李延一愣,心想这位将军什么时候心性开始变得急躁了?出去打探两个时辰而已,就急成这个样子,便嬉笑道:“我说哥哥啊,你这堂堂大将军,怎么也这么心急?”
吴子严听完愣了一下,随即笑着说道:“也是,才两个时辰。”说罢皱起眉头直视着李延。
李延左右看看,确认吴子严不是看别人,便问道:“看什么?我脸上有花?”
吴子严收起眼神摇了摇头笑道:“总觉得你身上有某种力量,会侵蚀他人的思想,你知道吗?站在这个地方,这里的一切对我而言恍若梦境般。”
李延笑道:“这就对了,你从现在开始,是为你自己而活,你就只琢磨往后的日子怎么过着快乐怎么来,如果这领兵沙场驰骋是你的志向,那以后就按照这个目标来呗,但凡符合自己志向的,哪怕是为一介草民,刀山火海也下得!这天下是天下人的天下,那些王侯什么的都是狗屁,通通的丢到一边去,他们心里的天下,从来都是他们权力所覆盖的那丁点天下,再也装不下别的东西,要我说,道不同不相为谋,你要找些与你志向相同的人,一起去打拼,男儿千年志,吾生未有涯嘛!”
吴子严听完后如同定身了一般,低着头半晌不说话,李延心想自己就是随口忽悠那么几句,把这个人似乎听到云游九天去了,便朝着吴子严挥挥手,喊着:“喂,喂,发什么呆啊!”
吴子严抬起头来,深吸了口气再舒了出来,一脸认真地对着李延躬身施礼,然后说道:“明光年纪虽小,却有心怀天下之志!哥哥愿为你鞍前马后竭命效力。”
李延立时感到头昏,伸手摸着额头,心想这怕是误会大了,再做解释恐怕亦是徒劳,只好悻悻地说道:“那啥,我肚子疼……”说罢正欲遁去,却见王言卿等人风尘仆仆地快马返回了庙院。
庙堂内,李延、吴子严、王言卿、吴远雄、姚喜、耿孟孙一众人围在桌子旁边,桌上放了一张粗略的羊皮地图。王言卿带回来了一些消息,在自己这一众人离开平邑后,大都督大清早就对东门发起了攻击,约莫俩个多时辰便破了东门,城门破了之后,守军几乎没怎么抵抗。与此同时,有几千人从南门突围了,确切地说是跟城外攻击南门的大都督的偏将军一起逃跑的。这众人里面应该是有舞阳和平阳俩位侯爷,山阳侯在乱军中被几个随军女子乱刀戳死了。
李延觉得解气,冷哼一声道:“死有余辜,这种变态之人多活一天就多伤害一些人。”
吴子严拍了拍李延肩膀道:“明光,先想想当下的情形吧。”
王言卿道:“大都督已经拿下了平邑,正主跑回舞阳,看情形恐怕这一年半载间夏国要俩个朝堂了,只不过回来的路上,发现有安阳军的斥候在这一片区走动。”
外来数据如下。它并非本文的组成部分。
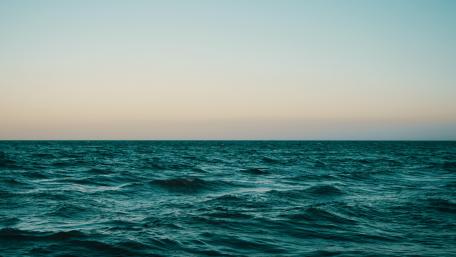 Tranquil Sea at Dusk wallpaper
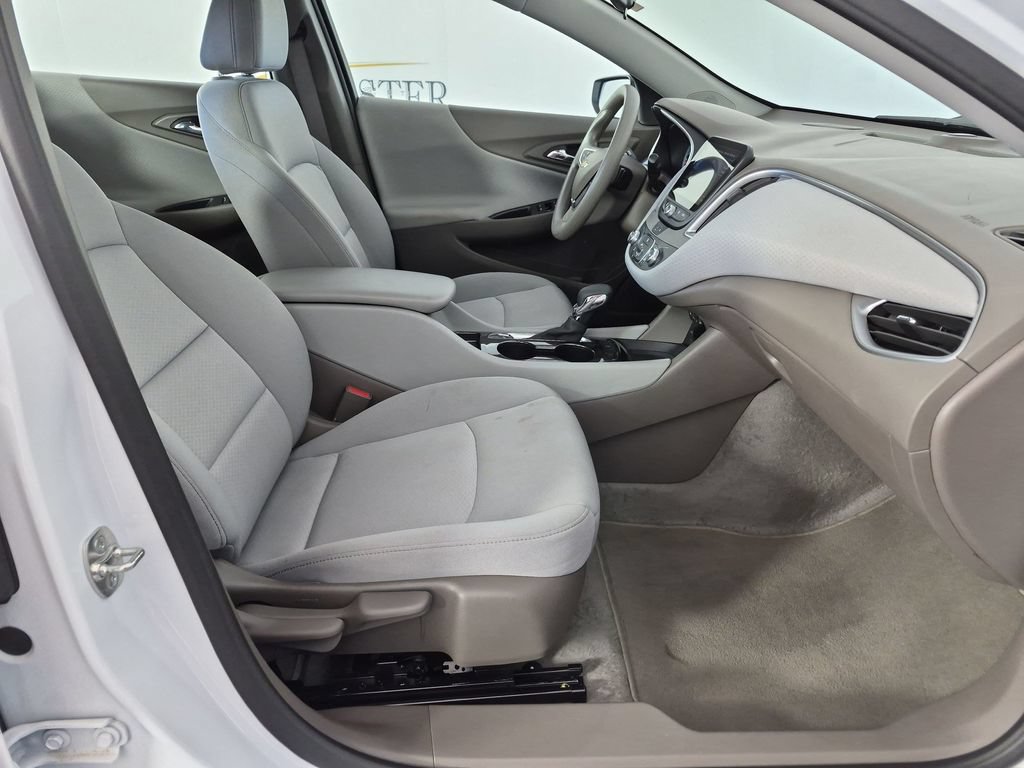 Certified 2025 Chevrolet Malibu LS FWD image 35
吴远雄吊着粗嗓子嚷嚷着:“怕个甚,待我去砍了他们不就成了。”
耿孟孙急忙说道:“将军,怕是已经发现我们了,看他们都只是在留记号而没有再往庙这边过来了。”
吴子严道:“我们该是他们下一个目标,所以还是应该尽快做个算计,在这里决计是守不住多久时间的。”
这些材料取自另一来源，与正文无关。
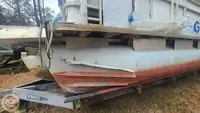ক্রুজ জাহাজ বিক্রির জন্য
李延挠了挠头,思索了少许后说道:“我们不是已经离开那几位猴子了吗?怎么那大都督还要来找茬?”
王言卿皱着眉头望着李延道:“弟弟,你这脑袋想事还真是简言,裴雄的命外加东宁戏耍大都督,你真以为小娃娃玩闹过去了就当没发生?”
李延楞了一下后悻悻地说道:“也是哦,那我们就离开夏国吧!”
吴子严道:“离开,自然是迫不得已的选择,但离开去哪里总是要有个方向。”
李延望着耿孟孙道:“你应该对这些片区比较熟悉,你说说想法吧。”
耿孟孙躬身道:“大人,小人觉得……”
“你说话不要老小人小人的,不知道别人怎么看,反正我听得很别扭,没有安全感知道吗!还有,别再喊大人,听着也生分。”李延极其不耐烦地打断了耿孟孙的话,心想老是盘算着,小人是什么?那是人格卑鄙之徒,你整天挂在嘴上,还叫人怎么听你的想法。
王言卿大笑着道:“弟弟真是不拘泥于世间礼教,哥哥喜欢啊!自由自在地多舒坦!”
耿孟孙一脸尴尬地继续说道:“是的大人……公子,小……我……”
吴子严见耿孟孙被弄得说话都不利落了,便拍着他肩膀说道:“以后我们这个屋子里的人都是生死兄弟,你也就无须拘谨,就当家人一样吧!”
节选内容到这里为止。